Looking from a historical perspective, since the emergence of fiat currency, no major currency has been able to hold reserve status for more than a few centuries. So, by that standard, the greenback’s days are numbered.
Currently, the U.S. national debt has really ballooned, and it could get a lot worse in the coming years. Plus, there’s a significant amount of political uncertainty in the U.S., compared to before.
These factors make a case for the American dollar losing its reserve status in the coming years.
U.S. Dollar Is Embedded Deeply
Many things have changed over the years, but the U.S. dollar is still deeply embedded in the global economy, so it’s extremely difficult to take out in the blink of an eye.
As of the second quarter of 2023, the countries that report their reserve data held US$6.57 trillion in their foreign exchange reserves. (Source: “Currency Composition of Official Foreign Exchange Reserve (COFER),” International Monetary Fund, last accessed October 26, 2023.)
Altogether, the greenback accounts for roughly 60% of all allocated foreign exchange reserves.
Assuming the American dollar is deemed not a “good,” what will happen to all those countries that hold immense amounts of it? It would be very difficult for them to ditch the dollar. Governments and central banks ditching the U.S. dollar quickly could result in a global economic and financial crisis.

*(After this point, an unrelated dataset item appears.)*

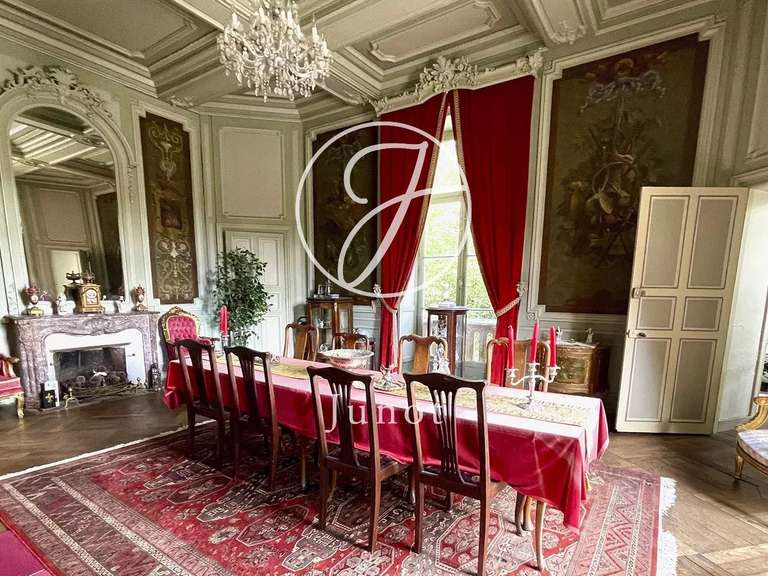 Château Cornillé - 9 chambres - 1201m²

Moving beyond foreign exchange reserves, what would happen to global trade and transactions if the American dollar disappeared quickly?
More than 90% of global trade is done in U.S. dollars. Over the years, it has acted as a stable and trustworthy currency.

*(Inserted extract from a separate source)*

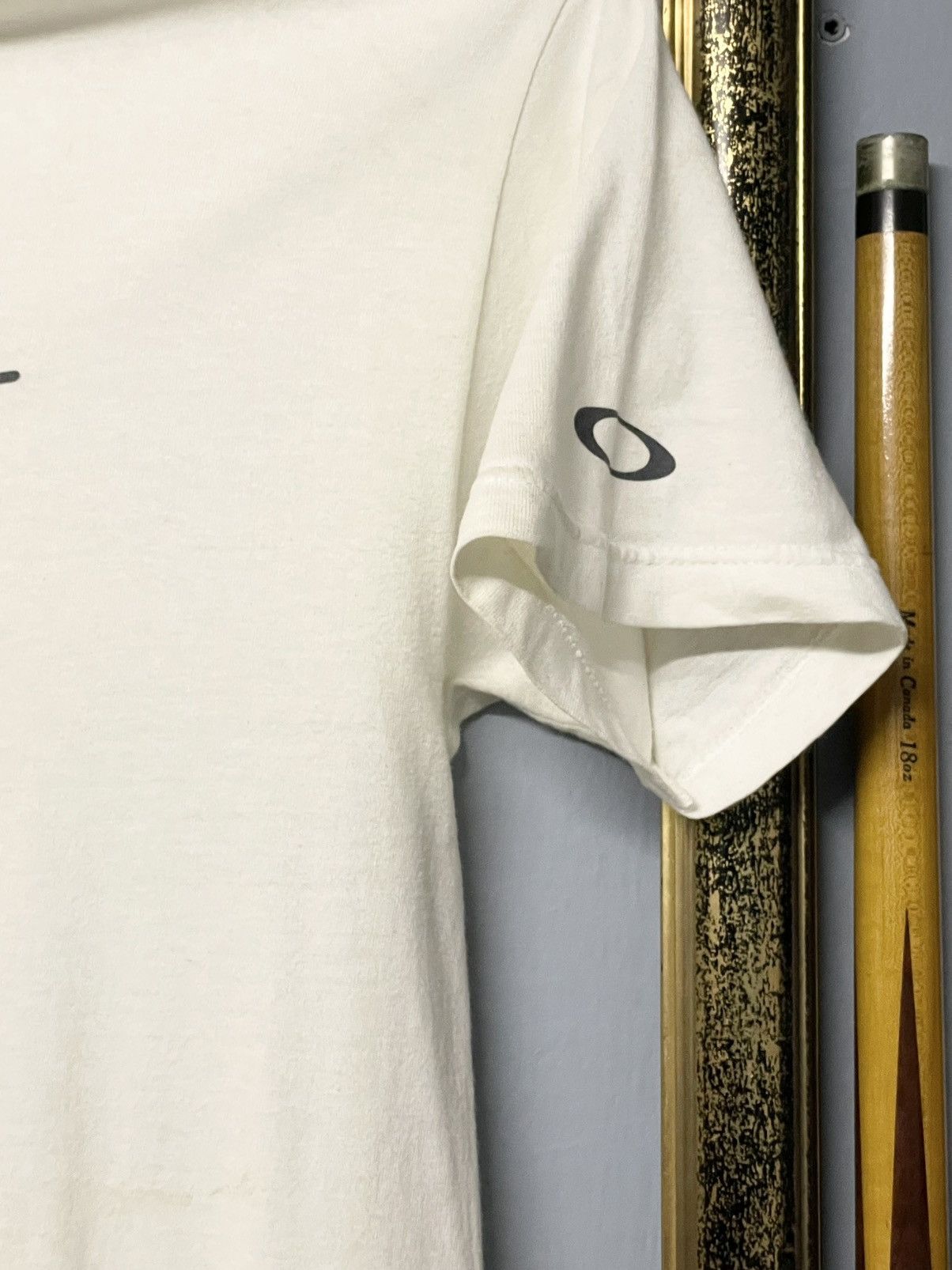 Oakley Vintage 90s Og Designer Oakley Software Distressed Tshirt Size US M / EU 48-50 / 2 - 5 Thumbnail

It’s not just global trade and transactions to consider; a major portion of debt in the global economy is denominated in dollars. Plus, the greenback has proven to be a safe-haven currency in times of crisis.
The End of the American Dollar Has Begun, But…
Dear reader, it’s important to keep the big picture in mind when trying to assess where the U.S. dollar could be headed.
It’s naïve to think it would disappear overnight. If that did happen, severe consequences could follow. The price of everything would be affected, be it stocks, bonds, commodities, or other assets. The effects wouldn’t be limited to the U.S.; it would send shockwaves around the world.
However, as we see the power dynamics change in the global economy, I think the end of the American dollar may have begun. For instance, China has been taking strong strides to increase its global presence and conduct trade in its currency. If this accelerates, the greenback will have competition.
For now, though, the U.S. dollar remains the king currency.
I believe that, as the dollar gets challenged, there could be slow and dreadful declines in the beginning. Looking back at other fiat currencies that lost their reserve/dominant status, the process was never overnight. It started slowly and eventually picked up speed. It could be years until the U.S. dollar isn’t a reserve currency anymore.
In the meantime, for those who are investing for the long run, it might not be a bad idea to pay attention to gold. The yellow shiny metal has proven to be one of the best hedges against currency devaluation, and it has a very long track record of holding this title.